Traditionally Nsima is used as a side dish to soups and stews in Malawi Africa. Nsima takes about 30 minutes to make and makes anything more delicious. It pairs well with anything from sautéed vegetables to slow-cooked stews. Nsima needs to be stirred and stirred a lot for a smooth consistency. Nsima is very easy and quick to make, just remember to gradually pour and stir at the same time so it does not get any lumps. When you are making your African food recipe of Nsima, cook it for the correct amount of time, so you do not have a lingering gritty taste. Nsima should be thick enough to pick up with your hands and use in the place of a fork or spoon.
|Peeled cassava for drying and cooking|
1/2 cup cassava flour
1 teaspoon salt or to taste
3 cups water
Add water in a large pot, add garlic and salt. In a large bowl mix meal and flour together well and add to water. On high heat bring mixture to a boil stirring constantly until thick paste forms. Remove from pot and allow to cool slightly before serving. Mealie meal is eaten by out pulling small pieces and squeezing it lightly to form the dough to scoop to pick up chicken and sauce. Use mealie meal in place of your fork and spoon.
How to naturally make dried cassava and vegetables
Vegetables and fruits can be processed and preserved by drying. Drying preserves food because the microorganisms that spoil food need water to grow. Drying also concentrates food's nutrients and preserves them for times when fresh food is not available. Improved technologies, such as solar dryers, retain higher quantities of vitamins in food than can be retained using the traditional method of sun drying.
Surpluses of different home garden vegetables and fruits like green leafy vegetables, pumpkins, tomatoes, peppers, okra, onions, sweet potatoes, cassava, papayas, mangoes, and bananas can be dried easily when these vegetables and fruits are in season. Sweet fruits such as mangoes, bananas and papayas do not need to be dried as thoroughly as vegetables because their high sugar content acts as a preservative.
Dried leaves can be added directly to soups and stews as required. Dried cowpea leaves can be fried, as well as boiled. These are especially tasty and nutritious when they are fried in oil like red palm oil, crumbled and then sprinkled over maize porridge, sadza or nshima as a relish.
Dried fruits and vegetables, such as cassava, sweet potato or banana chips, or slices of mango, pineapple, and papaya make excellent snack foods for children. They are delicious, sweet and contain a lot of energy.
Sun Drying Vegetables
Although the most widely used method of drying foods in Africa is sun drying, sunlight destroys vitamin A. High temperatures destroy vitamins A and C, as well as some other vitamins. As a consequence, it is better to dry food in the shade.
Shade Drying Vegetables
Shade drying requires full air circulation. It should not be undertaken inside conventional buildings but in an open-sided shed purposely built for shade drying.

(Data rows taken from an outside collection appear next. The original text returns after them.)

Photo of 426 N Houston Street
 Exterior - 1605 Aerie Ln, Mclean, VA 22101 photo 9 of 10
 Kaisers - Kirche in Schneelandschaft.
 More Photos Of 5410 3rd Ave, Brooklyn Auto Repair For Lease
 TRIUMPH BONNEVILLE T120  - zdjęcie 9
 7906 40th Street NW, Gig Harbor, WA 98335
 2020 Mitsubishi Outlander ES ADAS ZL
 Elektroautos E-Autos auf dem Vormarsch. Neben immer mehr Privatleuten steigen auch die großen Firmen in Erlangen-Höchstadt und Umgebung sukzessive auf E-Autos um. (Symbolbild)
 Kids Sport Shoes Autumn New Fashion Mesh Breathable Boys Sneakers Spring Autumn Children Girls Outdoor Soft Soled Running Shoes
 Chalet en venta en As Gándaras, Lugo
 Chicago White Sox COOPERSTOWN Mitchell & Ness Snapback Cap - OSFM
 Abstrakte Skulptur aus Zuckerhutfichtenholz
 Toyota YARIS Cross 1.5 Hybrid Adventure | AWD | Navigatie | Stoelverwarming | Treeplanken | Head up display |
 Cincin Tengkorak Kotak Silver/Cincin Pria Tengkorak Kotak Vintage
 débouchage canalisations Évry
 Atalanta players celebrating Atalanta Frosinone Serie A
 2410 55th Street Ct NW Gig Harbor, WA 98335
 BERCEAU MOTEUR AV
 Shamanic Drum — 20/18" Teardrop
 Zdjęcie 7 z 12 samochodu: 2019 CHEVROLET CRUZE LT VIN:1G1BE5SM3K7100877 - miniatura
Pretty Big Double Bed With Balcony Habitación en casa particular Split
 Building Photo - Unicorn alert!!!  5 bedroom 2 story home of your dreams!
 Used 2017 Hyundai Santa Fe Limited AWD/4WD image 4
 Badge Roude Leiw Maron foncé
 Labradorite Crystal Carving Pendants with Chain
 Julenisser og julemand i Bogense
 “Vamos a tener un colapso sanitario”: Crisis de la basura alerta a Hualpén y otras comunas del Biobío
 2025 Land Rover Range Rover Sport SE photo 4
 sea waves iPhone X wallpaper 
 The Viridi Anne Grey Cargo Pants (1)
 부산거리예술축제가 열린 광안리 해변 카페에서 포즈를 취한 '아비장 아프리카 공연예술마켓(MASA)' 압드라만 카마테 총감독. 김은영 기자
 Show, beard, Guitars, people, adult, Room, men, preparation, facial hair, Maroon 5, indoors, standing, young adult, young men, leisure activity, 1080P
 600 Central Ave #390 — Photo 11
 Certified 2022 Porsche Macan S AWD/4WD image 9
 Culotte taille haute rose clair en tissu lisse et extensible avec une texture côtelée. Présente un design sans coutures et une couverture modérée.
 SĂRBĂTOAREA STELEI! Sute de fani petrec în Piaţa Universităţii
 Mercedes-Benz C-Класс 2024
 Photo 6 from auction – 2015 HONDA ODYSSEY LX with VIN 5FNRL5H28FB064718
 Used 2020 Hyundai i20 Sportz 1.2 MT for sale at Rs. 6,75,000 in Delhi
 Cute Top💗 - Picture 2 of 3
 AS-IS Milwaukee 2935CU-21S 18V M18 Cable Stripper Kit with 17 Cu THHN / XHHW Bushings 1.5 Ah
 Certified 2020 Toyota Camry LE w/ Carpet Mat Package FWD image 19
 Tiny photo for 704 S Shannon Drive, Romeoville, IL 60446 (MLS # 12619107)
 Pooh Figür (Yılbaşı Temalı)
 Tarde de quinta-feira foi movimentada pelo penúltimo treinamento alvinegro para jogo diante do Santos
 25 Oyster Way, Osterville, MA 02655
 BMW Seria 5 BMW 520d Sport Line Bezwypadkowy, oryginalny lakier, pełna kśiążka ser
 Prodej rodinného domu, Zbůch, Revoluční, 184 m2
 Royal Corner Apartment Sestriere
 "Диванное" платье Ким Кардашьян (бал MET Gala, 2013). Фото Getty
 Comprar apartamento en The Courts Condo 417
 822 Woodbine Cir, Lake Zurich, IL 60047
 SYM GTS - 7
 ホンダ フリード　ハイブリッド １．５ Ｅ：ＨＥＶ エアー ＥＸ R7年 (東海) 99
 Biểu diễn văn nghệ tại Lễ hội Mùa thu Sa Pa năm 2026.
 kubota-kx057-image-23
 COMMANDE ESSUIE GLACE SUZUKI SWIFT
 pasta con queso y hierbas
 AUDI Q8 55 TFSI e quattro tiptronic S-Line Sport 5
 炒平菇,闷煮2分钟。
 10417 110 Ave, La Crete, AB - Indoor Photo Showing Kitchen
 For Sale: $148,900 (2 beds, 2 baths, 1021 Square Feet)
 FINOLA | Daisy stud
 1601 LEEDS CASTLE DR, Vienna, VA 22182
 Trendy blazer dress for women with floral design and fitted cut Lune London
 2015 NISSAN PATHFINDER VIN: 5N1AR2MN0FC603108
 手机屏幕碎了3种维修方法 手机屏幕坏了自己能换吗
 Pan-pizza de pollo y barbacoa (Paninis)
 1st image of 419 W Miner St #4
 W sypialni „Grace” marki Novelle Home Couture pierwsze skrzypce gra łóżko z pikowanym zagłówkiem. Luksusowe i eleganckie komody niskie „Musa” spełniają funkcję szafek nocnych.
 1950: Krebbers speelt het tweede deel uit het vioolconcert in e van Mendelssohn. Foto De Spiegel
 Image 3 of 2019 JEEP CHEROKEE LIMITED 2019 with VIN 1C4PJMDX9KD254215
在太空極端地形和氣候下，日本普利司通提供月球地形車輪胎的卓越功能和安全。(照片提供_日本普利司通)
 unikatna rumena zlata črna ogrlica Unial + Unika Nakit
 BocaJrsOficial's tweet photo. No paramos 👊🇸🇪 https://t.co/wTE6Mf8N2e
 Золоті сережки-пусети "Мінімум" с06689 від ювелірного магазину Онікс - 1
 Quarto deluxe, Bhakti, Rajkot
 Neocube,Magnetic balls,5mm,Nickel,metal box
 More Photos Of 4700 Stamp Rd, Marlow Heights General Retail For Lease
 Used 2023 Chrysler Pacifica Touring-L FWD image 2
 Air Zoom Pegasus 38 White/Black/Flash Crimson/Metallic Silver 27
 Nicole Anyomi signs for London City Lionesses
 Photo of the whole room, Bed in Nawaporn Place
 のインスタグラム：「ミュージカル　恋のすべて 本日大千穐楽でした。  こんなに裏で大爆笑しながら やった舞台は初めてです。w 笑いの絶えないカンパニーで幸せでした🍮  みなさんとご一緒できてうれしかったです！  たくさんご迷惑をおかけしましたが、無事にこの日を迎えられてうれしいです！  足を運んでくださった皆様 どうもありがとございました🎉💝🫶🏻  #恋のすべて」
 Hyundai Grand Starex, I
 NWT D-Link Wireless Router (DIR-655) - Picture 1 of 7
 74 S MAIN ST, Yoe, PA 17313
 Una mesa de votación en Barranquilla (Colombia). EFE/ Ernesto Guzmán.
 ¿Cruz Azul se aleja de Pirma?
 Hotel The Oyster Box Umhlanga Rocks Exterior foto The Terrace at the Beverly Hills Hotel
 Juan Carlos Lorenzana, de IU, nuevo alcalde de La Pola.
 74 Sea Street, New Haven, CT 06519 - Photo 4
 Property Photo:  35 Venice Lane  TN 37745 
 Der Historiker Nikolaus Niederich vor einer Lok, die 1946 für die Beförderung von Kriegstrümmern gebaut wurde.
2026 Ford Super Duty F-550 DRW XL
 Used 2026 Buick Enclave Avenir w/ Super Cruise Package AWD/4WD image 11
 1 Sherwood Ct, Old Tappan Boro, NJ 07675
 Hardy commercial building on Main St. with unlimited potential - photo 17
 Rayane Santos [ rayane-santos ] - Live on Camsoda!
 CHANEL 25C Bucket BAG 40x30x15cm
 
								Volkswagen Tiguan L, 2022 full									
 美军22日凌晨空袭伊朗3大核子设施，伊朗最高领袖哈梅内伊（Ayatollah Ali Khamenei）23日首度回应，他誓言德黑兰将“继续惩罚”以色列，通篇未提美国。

Most foods to be dried are sliced like peppers, okra, onions, tomatoes, eggplants, yams, sweet potatoes, and carrots, as sliced food generally dries faster. The slices should be only about 1 cm thick so that they dry thoroughly and quickly.
The food should be placed on mats or trays and well off the ground in order to avoid contamination from dust or soil. Turn over the slices daily to ensure that the food dries quickly. To store well, the slices should be quite dry. Because of their higher sugar content, this acts as a preservative, dry fruits only until they are leathery.
Leafy vegetables, such as amaranth, are dried whole because they are thin. Small okra may also be dried whole. Chili peppers, onions, and garlic are often left whole and hung in strands for drying and later storage. Shade drying takes a little longer than sun drying, but it prevents the loss of a food's natural color and better preserves its vitamins and minerals.